On les tient inclinés comme on veut, ou par le moyen d’une barre de bois posée par en-bas, & qui empêche leur extrémité inférieure de glisser, & d’une corde qui tient leur extrémité supérieure élevée. La corde les embrasse par-dessous, & va saisir par en-haut la barre qui porte d’un bout au fond du cuvier & qui appuie sur le bord opposé du cuvier, ou par le moyen de deux barres, dont l’une est haute & l’autre basse.

On peut encore faire égoutter les feuilles colorées par le moyen de deux longs chassis assemblés à angle ; l’angle aboutit à une rigole qui reçoit l’eau gommée qui s’écoule, & la conduit dans un vaisseau.

Voyez fig. 6. les chassis égouttant sur le cuvier a ; la corde b ; la barre qui soutient les chassis, & à laquelle la corde se rend c ; d le cuvier.

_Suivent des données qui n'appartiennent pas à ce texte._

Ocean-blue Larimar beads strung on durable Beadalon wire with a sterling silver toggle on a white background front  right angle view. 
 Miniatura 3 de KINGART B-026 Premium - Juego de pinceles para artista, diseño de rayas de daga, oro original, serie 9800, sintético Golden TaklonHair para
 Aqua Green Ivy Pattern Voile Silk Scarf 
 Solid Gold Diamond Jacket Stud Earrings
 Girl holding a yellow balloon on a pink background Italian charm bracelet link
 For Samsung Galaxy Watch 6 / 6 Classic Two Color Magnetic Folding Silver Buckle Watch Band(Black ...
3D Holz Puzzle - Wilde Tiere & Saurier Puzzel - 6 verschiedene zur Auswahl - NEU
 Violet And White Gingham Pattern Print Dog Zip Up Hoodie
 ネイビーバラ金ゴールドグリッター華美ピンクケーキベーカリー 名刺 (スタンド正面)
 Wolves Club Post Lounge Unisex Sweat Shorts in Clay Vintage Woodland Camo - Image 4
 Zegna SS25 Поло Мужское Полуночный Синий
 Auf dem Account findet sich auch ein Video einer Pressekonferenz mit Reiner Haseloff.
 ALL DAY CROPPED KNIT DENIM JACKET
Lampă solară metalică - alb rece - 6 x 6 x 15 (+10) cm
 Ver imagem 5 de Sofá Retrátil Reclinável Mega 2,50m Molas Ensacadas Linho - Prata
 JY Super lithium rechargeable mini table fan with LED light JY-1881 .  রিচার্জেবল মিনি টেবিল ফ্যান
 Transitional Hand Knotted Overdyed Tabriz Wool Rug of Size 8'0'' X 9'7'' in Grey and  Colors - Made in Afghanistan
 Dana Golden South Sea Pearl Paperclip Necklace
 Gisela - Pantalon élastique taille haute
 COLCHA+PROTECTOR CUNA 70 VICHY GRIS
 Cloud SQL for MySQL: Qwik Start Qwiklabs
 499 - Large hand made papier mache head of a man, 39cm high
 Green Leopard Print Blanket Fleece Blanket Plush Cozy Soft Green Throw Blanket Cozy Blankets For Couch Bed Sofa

Voyez aussi fig. 7. les deux longs chassis avec leur angle posé dans la rigole ; a un des chassis ; b l’autre ; c, d, la rigole ; e le vaisseau qui reçoit l’eau gommée ; d, d, d, d, le bâti qui supporte le tout, & qui incline la rigole vers le pot à recevoir les égouttures d’eau gommée.

Il ne faut qu’un quart d’heure aux feuilles colorées pour se décharger du trop de gomme, & s’imbiber des couleurs.

Le papier qui doit être marbré n’aura été qu’à demi collé à la papeterie : le trop de colle empêcheroit les couleurs de prendre ; l’épaisseur de la latte qui s’éleve au-dessus des réseaux des cordes empêche que les cordes d’un chassis ne touchent à la feuille étendue sur le chassis qui est dessous.

Lorsque l’eau de gommé qu’on se réservera sera toute égouttée, on enlevera les feuilles de dessus les chassis, & on les étendra sur les cordes tendues dans l’attelier ou dans un autre endroit. Voyez fig. 8. a, a, a, a, des feuilles étendues ; b, l’étendoir ; c, un ouvrier qui étend.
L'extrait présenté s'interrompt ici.